Content starts

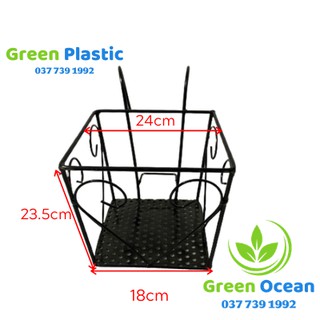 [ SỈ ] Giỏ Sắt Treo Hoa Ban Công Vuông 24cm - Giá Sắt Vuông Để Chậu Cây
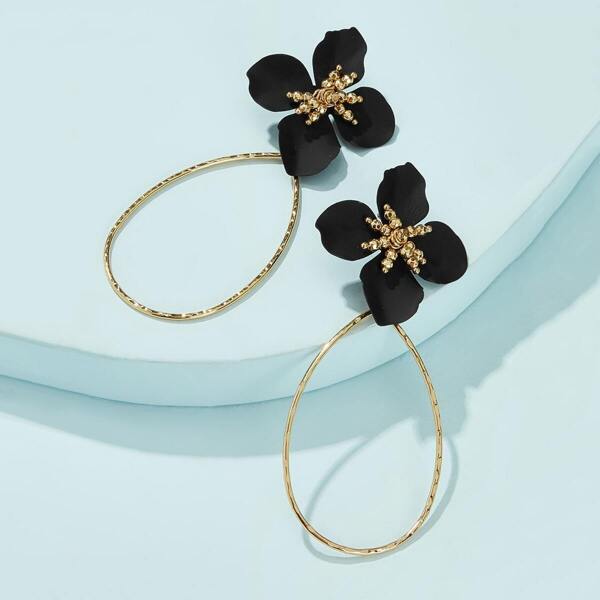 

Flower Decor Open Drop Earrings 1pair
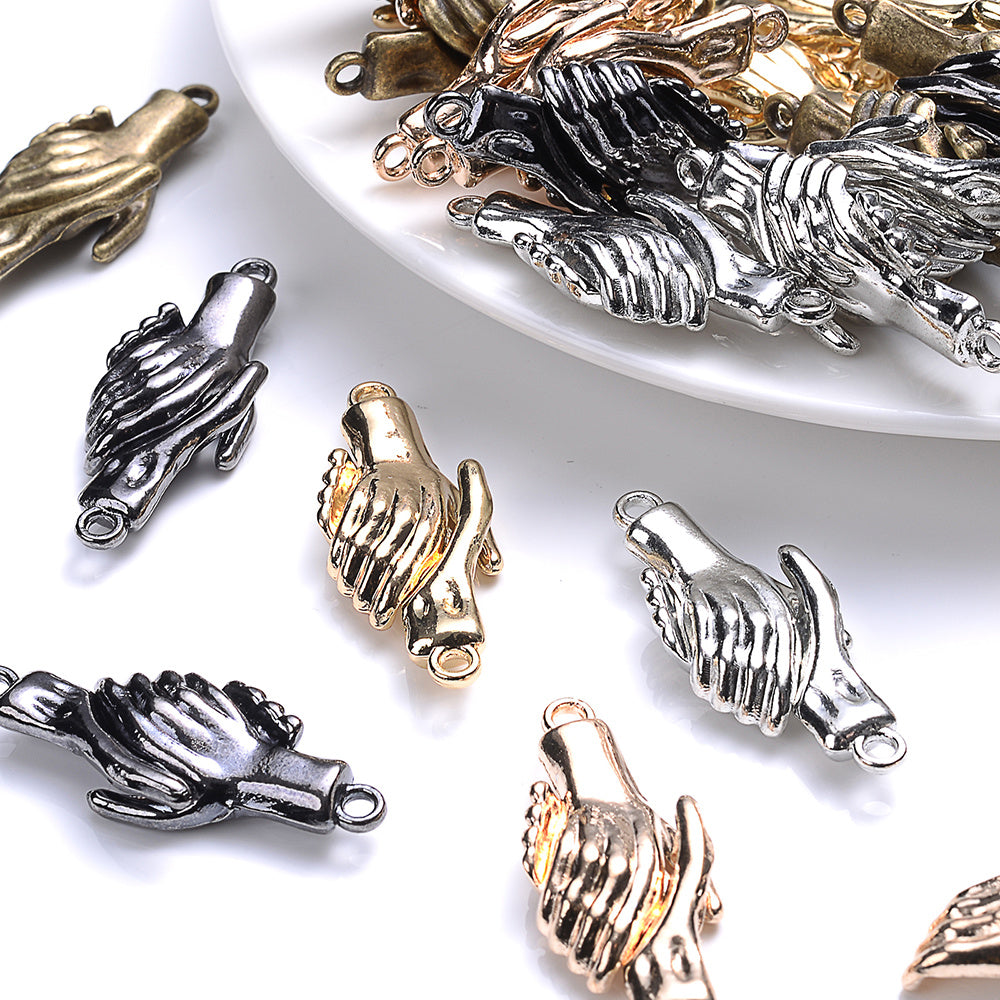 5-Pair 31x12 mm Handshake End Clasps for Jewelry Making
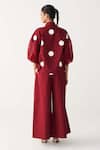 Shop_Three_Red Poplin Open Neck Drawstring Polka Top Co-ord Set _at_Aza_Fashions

Content ends

▸ **PROBLEM DETAILS**: Once the pictures are set aside, give the rest of the material again unchanged.

▸ **TASK OUTPUT**:
 [ SỈ ] Giỏ Sắt Treo Hoa Ban Công Vuông 24cm - Giá Sắt Vuông Để Chậu Cây

Flower Decor Open Drop Earrings 1pair
 5-Pair 31x12 mm Handshake End Clasps for Jewelry Making
 Shop_Three_Red Poplin Open Neck Drawstring Polka Top Co-ord Set _at_Aza_Fashions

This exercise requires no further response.